It should be noted that the explosion-proof valve 20 includes a weak portion. Further, the pole 10 can be provided with a notch 11, so that a weak portion can be formed on the explosion-proof valve 20, that is, a part of the explosion-proof valve 20 is thinned. Thus, a weak part is formed, so that the weak part can burst open in time when the internal pressure of the battery case reaches a preset value.
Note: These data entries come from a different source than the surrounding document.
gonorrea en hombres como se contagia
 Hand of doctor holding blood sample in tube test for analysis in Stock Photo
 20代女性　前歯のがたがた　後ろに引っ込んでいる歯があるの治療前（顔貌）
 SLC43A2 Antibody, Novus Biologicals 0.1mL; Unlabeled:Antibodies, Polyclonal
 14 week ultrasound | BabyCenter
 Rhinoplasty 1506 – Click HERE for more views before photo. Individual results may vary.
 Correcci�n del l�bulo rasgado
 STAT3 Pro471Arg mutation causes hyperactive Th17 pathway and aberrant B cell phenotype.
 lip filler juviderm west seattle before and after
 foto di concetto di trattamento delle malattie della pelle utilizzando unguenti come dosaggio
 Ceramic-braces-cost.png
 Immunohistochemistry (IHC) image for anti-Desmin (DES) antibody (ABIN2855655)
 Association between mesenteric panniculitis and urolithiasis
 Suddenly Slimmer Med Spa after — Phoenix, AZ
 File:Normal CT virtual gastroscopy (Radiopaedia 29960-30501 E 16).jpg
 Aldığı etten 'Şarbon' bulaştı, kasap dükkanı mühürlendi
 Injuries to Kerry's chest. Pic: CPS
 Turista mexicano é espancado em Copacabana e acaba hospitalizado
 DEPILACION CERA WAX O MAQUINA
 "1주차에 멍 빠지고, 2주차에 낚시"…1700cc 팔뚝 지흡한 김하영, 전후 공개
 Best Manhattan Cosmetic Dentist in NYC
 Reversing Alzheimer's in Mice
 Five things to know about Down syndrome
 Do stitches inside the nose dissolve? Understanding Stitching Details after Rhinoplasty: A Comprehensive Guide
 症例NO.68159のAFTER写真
In one embodiment, the explosion-proof valve 20 forms the fusing part of the pole assembly, that is, when the current or temperature on the pole assembly is too high, a part of the explosion-proof valve 20 can be fused, so that the current on the pole assembly is disconnected. , the pole assembly may be electrically connected to the battery through the explosion-proof valve 20, or the explosion-proof valve 20 may be connected to the bus bar. Alternatively, the electrical connection between the pole assembly and the battery cell may not be disconnected, but due to the fusing of the explosion-proof valve 20, the battery may also achieve rapid heat dissipation.

An embodiment of the present utility model also provides a battery, please refer to FIG. 1 to FIG. 5 , the battery includes the pole assembly mentioned above.

The pole assembly of the battery in one embodiment of the present invention includes a pole 10 and an explosion-proof valve 20. By arranging the explosion-proof valve 20 on the pole 10, the pole assembly can be used to connect with the tab of the cell. This is used as the electrode lead-out end of the battery, and the pole assembly can be used as an explosion-proof structure of the battery, thereby expanding the use function of the pole assembly. And because the explosion-proof valve 20 is arranged on the pole 10, it is avoided to set the explosion-proof valve 20 separately, which increases the production cost and the difficulty of manufacturing and processing of the battery. The installation of the pole assembly is more convenient and efficient, and it is not easy to cause damage to the battery case, thereby improving the performance of the pole assembly and improving the safety performance of the battery.

In one embodiment, as shown in FIG. 3 , the battery further includes a battery case 30, the pole 10 is arranged on the battery case 30, and the pole 10 is connected to the battery case 30 by riveting. The stability of the connection between the column 10 and the battery case 30 .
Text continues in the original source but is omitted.